Re: The TCP and UDP checksum algorithm may soon need updating

"John R Levine" <johnl@xxxxxxxxx> · 10 Jun 2020 11:17:40 -0400

On Wed, 10 Jun 2020, Warren Kumari wrote:
Having read the papers that Craig referenced, that's my interpretation.

One of them is about a big physics application which sends multiple
terabytes of data over the net using what looks like a version of
FTP that transfers several files at once.  They send the data as a lot
of of 4 gig files. When they started verifying file checksums, they
found about 20% of the received files were corrrupted in transit.

I'm assuming you are talking about "Cross-Geography Scientific Data
Transferring Trends and Behavior", which contains (Section 4.1
Checksum, encryption, and reliability, p.12):

No, it's "Transferring a Petabyte in a Day".

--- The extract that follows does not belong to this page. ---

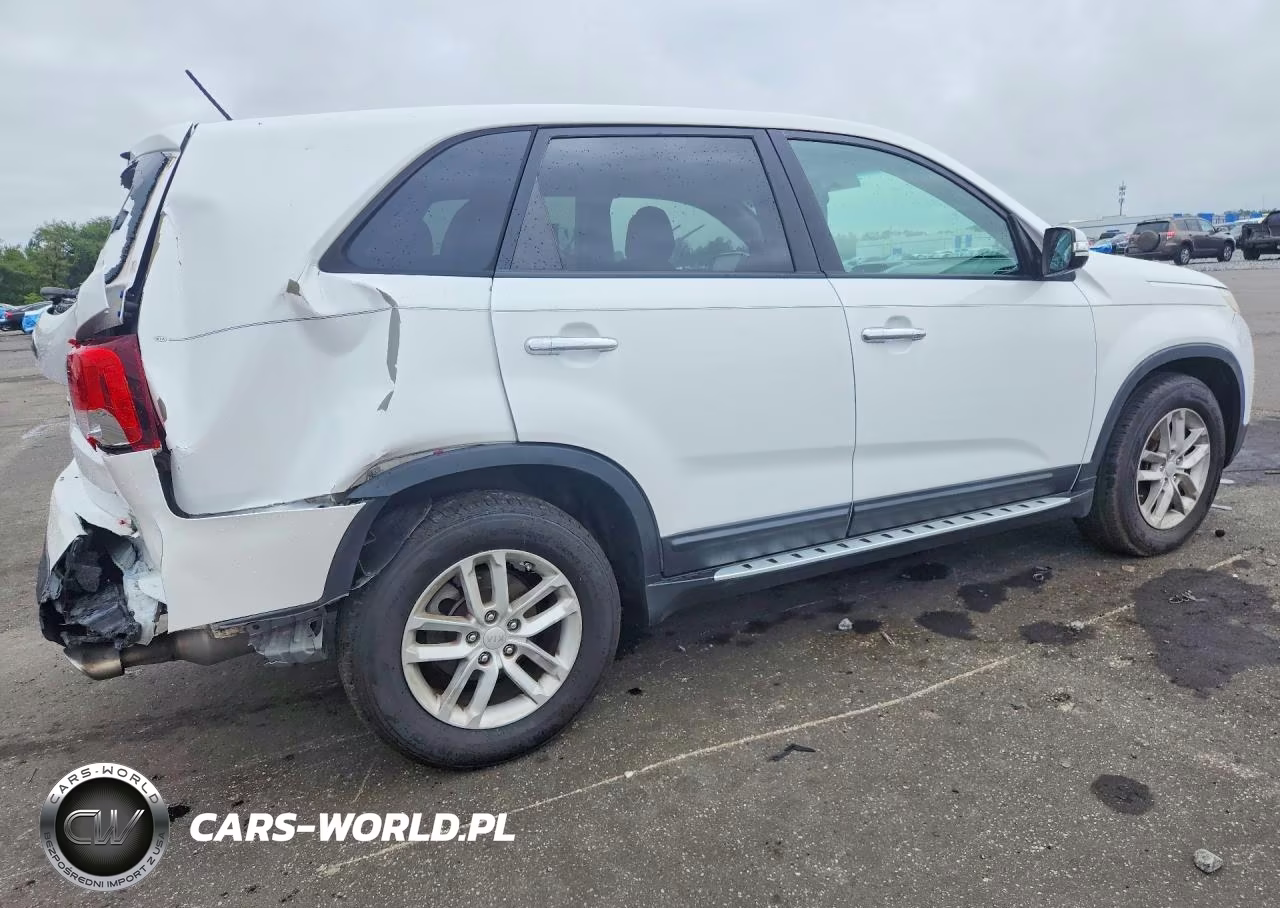 2015 Kia Sorento Lx VIN:5XYKT3A67FG618651 - 3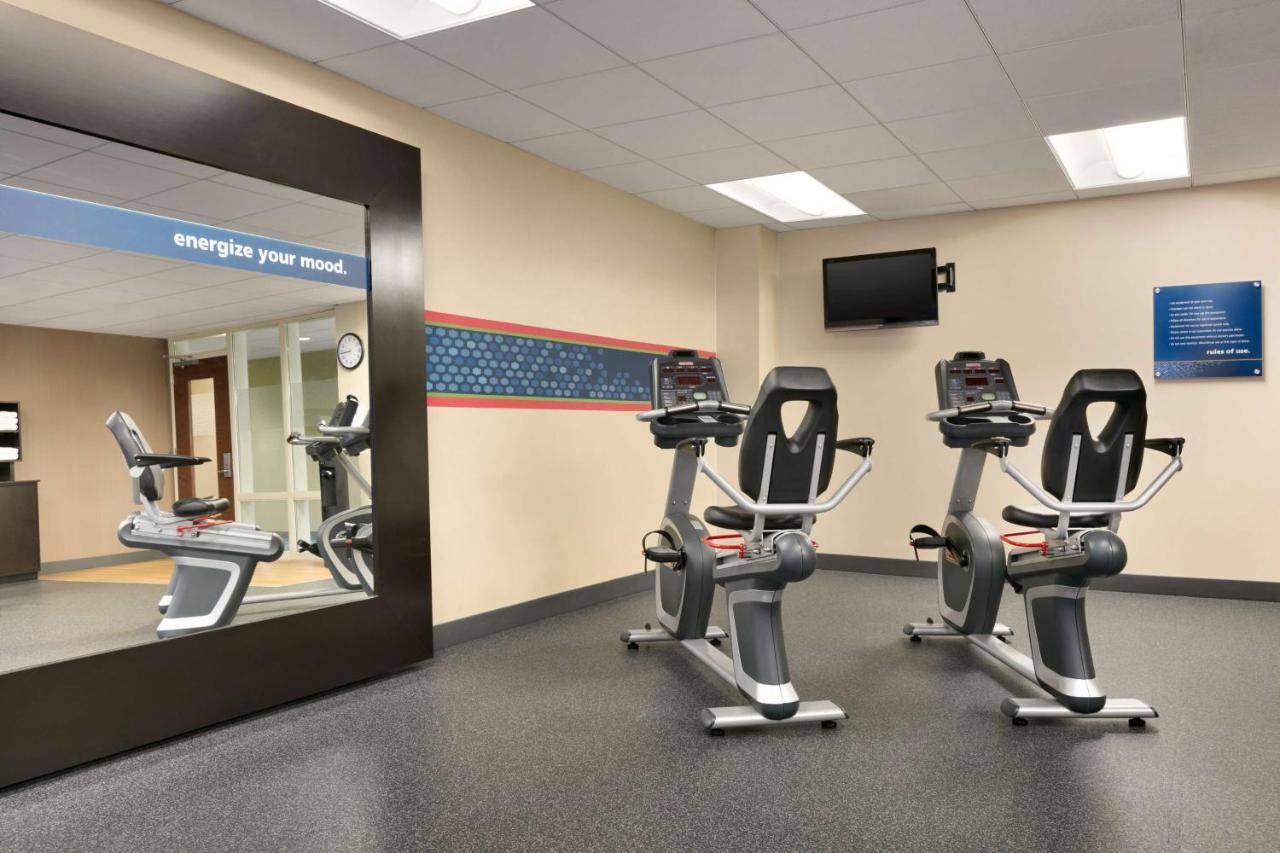 | Hampton Inn & Suites Mahwah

https://www.researchgate.net/publication/325405478_Transferring_a_Petabyte_in_a_Day

"As mentioned, we split each 1.2 TiB snapshot into 256 files of 
approximately equal size. We determined that transferring 64 or 128 files 
concurrently, with a total of 128 or 256 TCP streams, yielded the maximum 
transfer rate. We achieved an average disk-to-disk transfer rate of 92.4 
Gb/s (or 1 PiB in 24 hours and 3 minutes): 99.8% of our goal of 1 PiB in 
24 hours, when the end-to-end verification of data integrity in Globus is 
disabled. In contrast, when the end-to-end verification of data integrity 
in Globus is enabled, we achieved an average transfer rate of only 72 Gb/s 
(or 1 PiB in 30 hours and 52 minutes).

The Globus approach to checksum verification is motivated by the 
observations that the 16-bit TCP checksum is inadequate for detecting data 
corruption during communication [16, 17] and that corruption can occur 
during file system operations [18]. Globus pipelines the transfer and 
checksum computation; that is, the checksum computation of the ith file 
happens in parallel with the transfer of the (i + 1)th file. Data are read 
twice at the source storage system (once for transfer and once for 
checksum) and written once (for transfer) and read once (for checksum) at 
the destination storage system. Therefore, in order to achieve the desired 
rate of 93 Gb/s for checksum-enabled transfers, in the absence of checksum 
failures, 186 Gb/s of read bandwidth from the source storage system and 93 
Gb/s write bandwidth and 93 Gb/s of read bandwidth concurrently from the 
destination storage system are required. If checksum verification failures 
occur (i.e., one or more files are corrupted during the transfer), even 
more storage I/O bandwidth, CPU resources, and network bandwidth are 
required in order to achieve the desired rate."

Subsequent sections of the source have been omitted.